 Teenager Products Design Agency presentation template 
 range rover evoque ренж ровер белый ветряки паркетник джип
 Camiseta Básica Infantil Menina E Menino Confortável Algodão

########

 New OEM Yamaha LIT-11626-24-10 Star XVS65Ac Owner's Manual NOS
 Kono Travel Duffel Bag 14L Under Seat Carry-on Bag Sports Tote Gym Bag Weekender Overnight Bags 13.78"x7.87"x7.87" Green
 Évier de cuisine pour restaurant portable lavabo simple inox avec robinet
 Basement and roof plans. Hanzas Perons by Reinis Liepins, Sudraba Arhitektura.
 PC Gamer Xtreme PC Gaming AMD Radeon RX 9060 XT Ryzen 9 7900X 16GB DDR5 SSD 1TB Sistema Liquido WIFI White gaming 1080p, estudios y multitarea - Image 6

########

TASK OBJECTIVE: Using the listing above, return word for word each line from the one that has "Teenager Products Design" through the one that has "Camiseta Básica Infantil", and no line outside that range.

RESULT:
 Teenager Products Design Agency presentation template 
 range rover evoque ренж ровер белый ветряки паркетник джип
 Camiseta Básica Infantil Menina E Menino Confortável Algodão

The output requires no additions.